1. ## Converging Subsequence

Let x_n be a bounded sequence and let x=sup {x_n: n is a natural number} and let x_n < x for all n. Prove there is a subsequence convergent to x.

2. ## Re: Converging Subsequence

Originally Posted by veronicak5678
Let x_n be a bounded sequence and let x=sup {x_n: n is a natural number} and let x_n < x for all n. Prove there is a subsequence convergent to x.

First shoe that $\displaystyle \forall M \in \mathbb{Z}^+ \, \exists k \in (x_n)$ such that $\displaystyle k \in (x-\frac{1}{N},x)$. Denote this $\displaystyle k$ as $\displaystyle x_{n_M}$.

now show that the subsequence $\displaystyle (x_{n_M})$ converges to $\displaystyle x.$

3. ## Re: Converging Subsequence

Thanks for the help.
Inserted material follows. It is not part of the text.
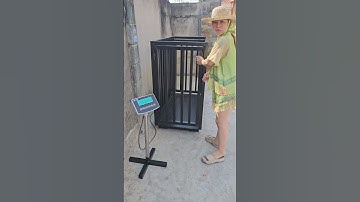 CÂN HEO LỢN HƠI MỘT CON DẠNG LÙA,CÂN ĐIỆN TỬ,KÍCH THƯỚC 65×1M3 , LỒNG VUÔNG CAO 1M1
That makes sense now, but how do I come up with things like that? I never know where to start these proofs.

4. ## Re: Converging Subsequence

You should have noticed that the key to the condition "x_n< x for all n" is that no member of the sequence is equal to x. For example, if {x_n}= {1/n} then x= sup {1/n}= 1 but {1/n} is a sequence converging to 0 so has no subsequence converging to 1. Now, the fact, that x is a sup but NOT a maximum should lead you to what abhishekkgp did.

5. ## Re: Converging Subsequence

I see. I'm trying to think more like that. Thanks for the answers.